Supraleitung unter Hochdruck
Ein Alkali-dotiertes Fullerid zeigt unter hohem Druck lichtinduzierte Supraleitung.
In der Vergangenheit haben Wissenschaftler der Arbeitsgruppe von Andrea Cavalleri am Max-Planck-Institut für Struktur und Dynamik der Materie in Hamburg mehrfach intensive Laserpulse genutzt, um verschiedene Klassen von Supraleitern zu stimulieren. Unter bestimmten Bedingungen erbrachten sie dabei Beweise für Supraleitung bei ungewöhnlich hohen Temperaturen, obwohl dieser Zustand stets nur für den Bruchteil von Sekunden kurzlebig war.
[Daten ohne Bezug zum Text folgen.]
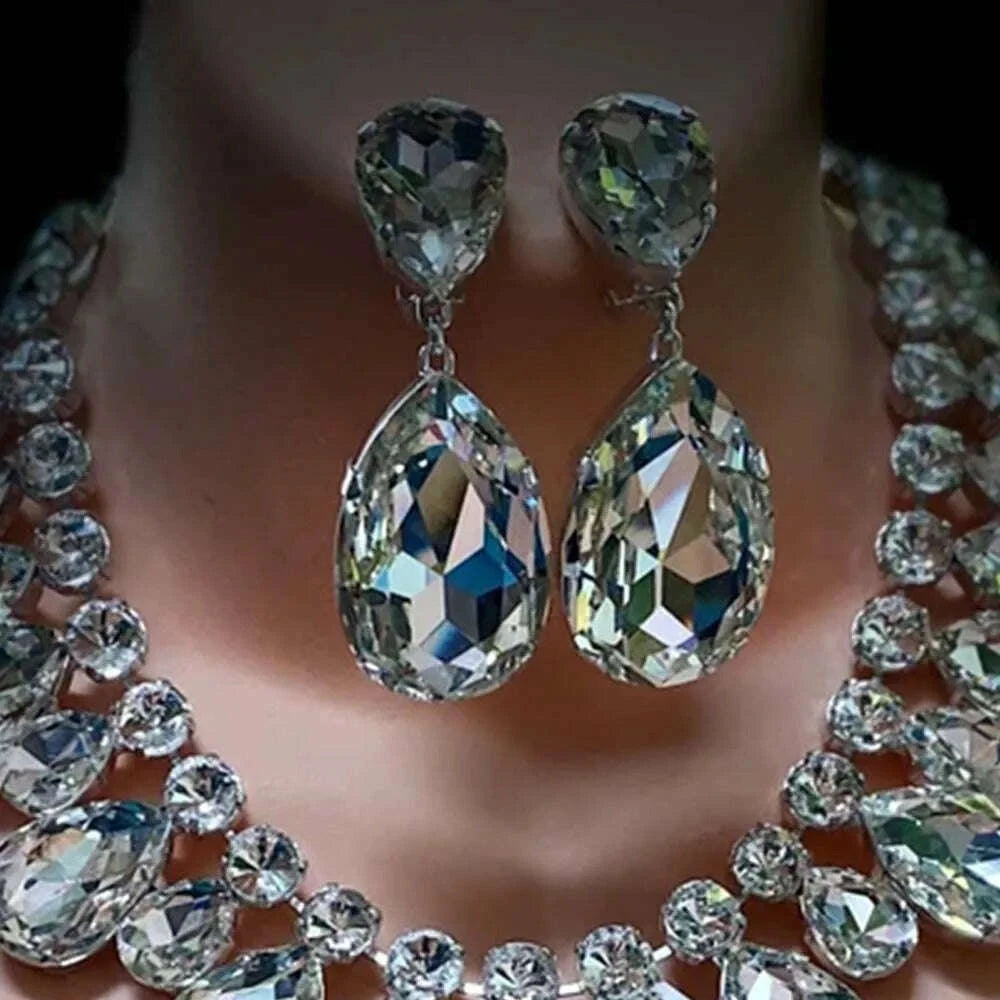 stonefans-fashion-teardrop-necklace-set-for-women-rhinestone-crystal-adjustable-statement-wedding-necklace-and-earrings-set-giftkimlud-womens-fashion-34627449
Ein wichtiges Beispiel für diesen Effekt ist K3C60, ein aus schwach wechselwirkenden C60-Molekülen gebildeter organischer Molekülkristall, der im Gleichgewicht unterhalb der Sprungtemperatur von -250°C supraleitend ist. Bereits vor zwei Jahren zeigte sich, dass maßgeschneiderte Laserpulse, die Schwingungen der C60-Moleküle anregen, einen kurzlebigen Zustand hoher Leitfähigkeit mit Eigenschaften gleich denen eines Supraleiters induzieren. Dieser Effekt war bis hinauf zu Temperaturen von -170°C – weit oberhalb der Sprungtemperatur – zu beobachten.
Abb.: Die lichtinduzierte Supraleitung in K3C60 wurde unter hohem Druck in einer Diamant-Ambosszelle untersucht. (Bild: J. Harms, MPSD)
Nun gingen die Physiker einen entscheidenden Schritt weiter und betrachteten den lichtinduzierten Zustand in K3C60, während mechanischer Druck unter Verwendung einer Diamant-Ambosszelle angelegt wurde. Im Gleichgewicht sorgt dieser Druck für eine Reduzierung der Abstände der C60-Moleküle, wodurch der supraleitende Zustand des Kalium-dotierten Fullerids geschwächt und die kritische Temperatur deutlich gesenkt wird. „Zu verstehen, ob in K3C60 der lichtinduzierte Zustand in gleicher Form reagiert wie der Gleichgewichts-Supraleiter, ist ein entscheidender Schritt, um eindeutig die Natur dieses Zustandes zu bestimmen und kann neue Hinweise zum physikalischen Mechanismus hinter der lichtinduzierten Hochtemperatur-Supraleitung liefern“, sagt Alice Cantaluppi.
Der mit Licht angeregte K3C60 Fullerid wurde systematisch in einer Spanne vom umgebenden Normaldruck bis zu 2.5 Gigapascal untersucht. Die Forscher beobachteten eine starke Reduzierung der Photoleitfähigkeit mit zunehmendem Druck. Dieses Verhalten ist sehr verschieden von dem eines gewöhnlichen Metalls, aber im Einklang mit der Phänomenologie eines Supraleiters und steht daher für die erste eindeutige Interpretation des lichtinduzierten Zustands in K3C60 als transiente supraleitende Phase. Wir beobachteten, dass wir bei stärkerer optischer Anregung einen transienten Supraleiter auch bei Temperaturen weit oberhalb der zuvor bestimmten -170°C erreichten, sogar bis hinauf zur Zimmertemperatur“, sagt Michele Buzzi.
Eine universelle Beschreibung des physikalischen Mechanismus hinter dem Phänomen der lichtinduzierten Hochtemperatur-Supraleitung in K3C60 fehlt jedoch noch, und das ultimative Ziel eines bei Raumtemperatur stabilen Supraleiters ist immer noch nicht greifbar. Nichtsdestotrotz soll der neuartige Ansatz, der die optische Anregung mit der Anwendung anderer externer Stimuli wie zum Beispiel mechanischen Drucks oder magnetischer Felder, vereint, den Weg in diese Richtung ebnen.